Seperti yang kita ketahui bahwa Bung Karno merupakan tokoh utama penggali Pancasila, maka untuk memahami peranan Pancasila dalam perjuangan di Indonesia dari masa lalu, sekarang dan masa yang akan datang perlu memperhatikan ketokohan Bung Karno selaku Foundingfather bangsa ini. Pandangan Bung Karno dalam hal pembangunan harus meletakkan Pancasila sebagai dasar untuk membangun “ gedung Indonesia Merdeka” yang kokoh. Pemikiran Bung Karno mengenai kemerdekaan penuh dikenal dengan istilah trisaksti yaitu berdaulat dibidang politik, berdikari di bidang ekonomi, dan berkepribadian di bidang Budaya, kemudian adanya upaya NCB ( Nation and Character Building) serta politik luar negari bebas aktif.

Berangkat dari cita-cita yang dikerjakan para founding father bangsa ini, bahwa posisi Pancasila di masa Orde Lama dipandang sebagai filsafat dan weltanschauung (dalil-dalil filsafat) yang dimaknai sebagai kata kerja sekaligus dipahami sebagai dasar serta acuan dijalankan dalam rangka“ Nation and Character Building”. Pada masa itu Pancasila dikenal sebagai ideologi progresif sehingga mampu menyikapi problematika kehidupan berbangsa dan bernegara. Sementara Pancasila di masa Orde Baru (Orba) dimaknai sebagai kata benda, nilai luhur warisan nenek moyang (sudah dikeramatkan, tersirat dalam pidato SBY pada 1 Juni 2010) dan bukannya menjadi dasar sekaligus acuan dengan sengaja Pancasila dijelmakan menjadi ideologi tertutup, represif dan menghianati substansi dasar serta digunakan sebagai alat melanggengkan kekuasaan dengan praktek penindasan, bukan program perjuangan tetapi proyek dan objek kegiatan akibatnya Pancasila dibuat kerdil, bersifat mikro dan sangat teknis.
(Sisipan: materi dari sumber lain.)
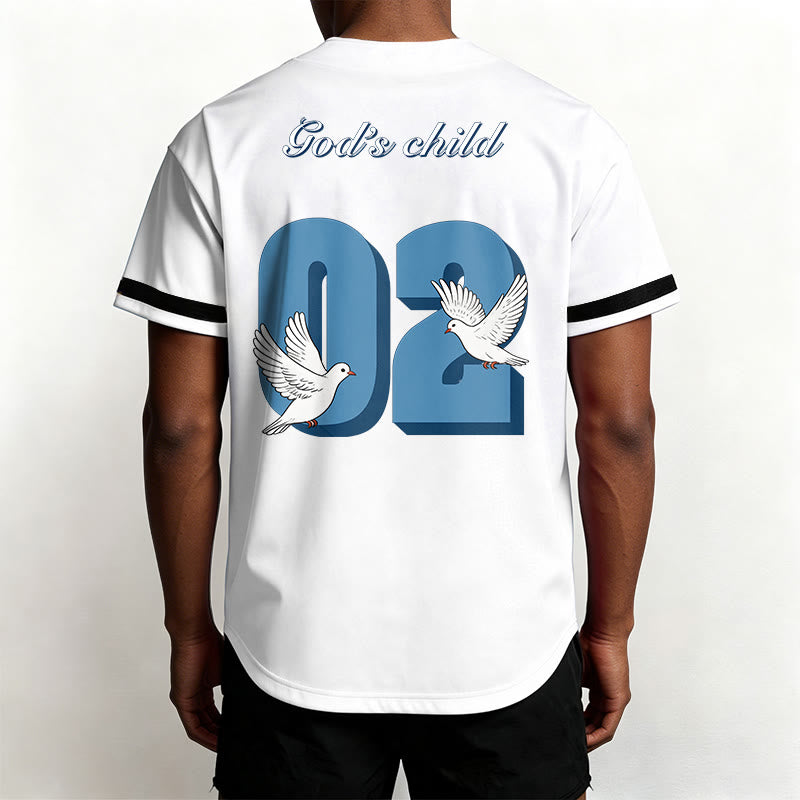 Christianartworkshop Maglia da baseball con design ispiratore "Figlio di Dio" con colomba e numero - image 9
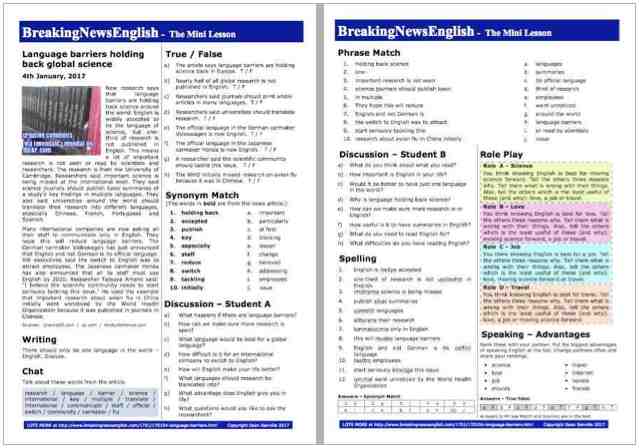 A 2-Page Mini-Lesson - Language Barriers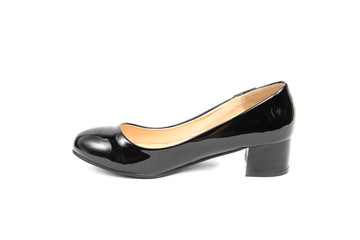 Women's platform black shoes isolated on white background colored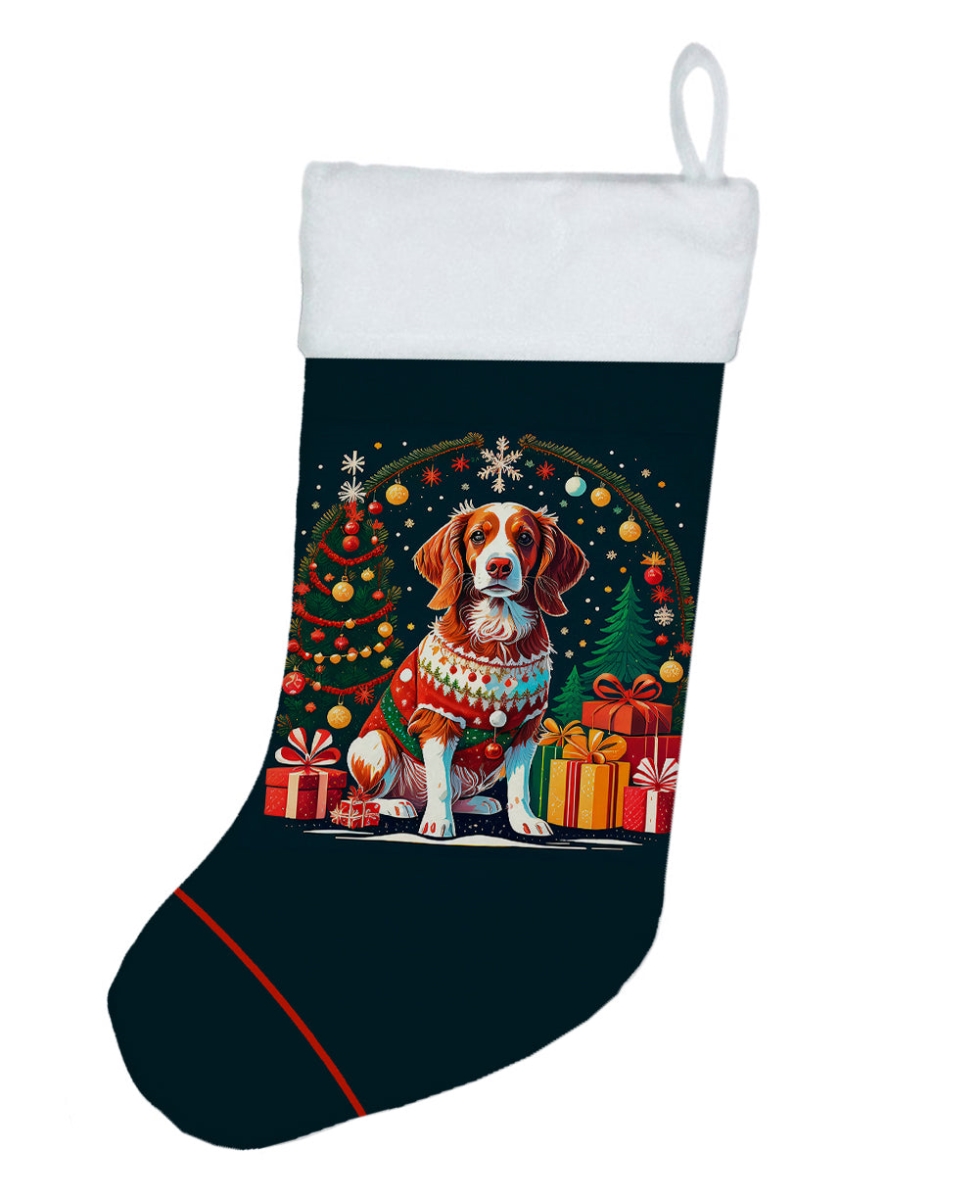 18 x 13.5 in. Unisex Brittany Spaniel Polyester Christmas Stocking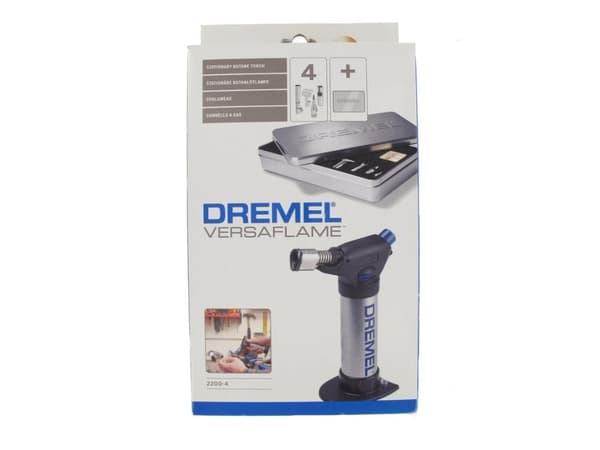 Dremel 2200-4, Käsinpideltävä puhalluslamppu, Juottaminen, Lämmitys, Juottaminen, Butaani, Piezo, Musta, Hopea, 0,042 L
Pancasila, kini tantangan dan harapan

Seperti kita ketahui bahwa Indonesia kekinian sedang mengalami krisis multidimensi, hal ini terjadi akibat warisan sejarah buruk masa lalu (Orba) sehingga keberadaan dan peranan bidang meliputi IPOLEKSOSBUDHANKAM terdegradasi akibatnya pembangunan “ gedung Indonesia merdeka” sampai saat ini masih sangat rapuh. Indonesia kekinian bergolak dengan semakin maraknya kasus tipikor, mafia hukum dan makelar kasus, illegal logging, illegal mining, kriminalisasi KPK, kasus century, pelanggaran HAM, isu SARA, isu disintegrasi Bangsa (OPM Papua), lumpur lapindo, dll. Hal tersebut menyebabkan hilangnya kepercayaan rakyat terhadap institusi penegak hukum dan pemerintahan di Indonesia. Semua problematika yang terjadi bukan masalah kebodohan dan ketidakberdayaan, namun cenderung diakibatkan tidak adanya komitmen, konsistensi dan kesungguhan serta ketulusan untuk menanggung konsekuensi perjuangan atas nilai-nilai luhur Pancasila. Ketika kita melupakan, apatis serta melepaskan nilai-nilai luhur pancasila, maka seluruh elemen bangsa akan terhanyut oleh paham - paham asing (neoliberalisme, konsumisme dan hedonistik, dll) yang telah merongrong kekuatan Bangsa ini.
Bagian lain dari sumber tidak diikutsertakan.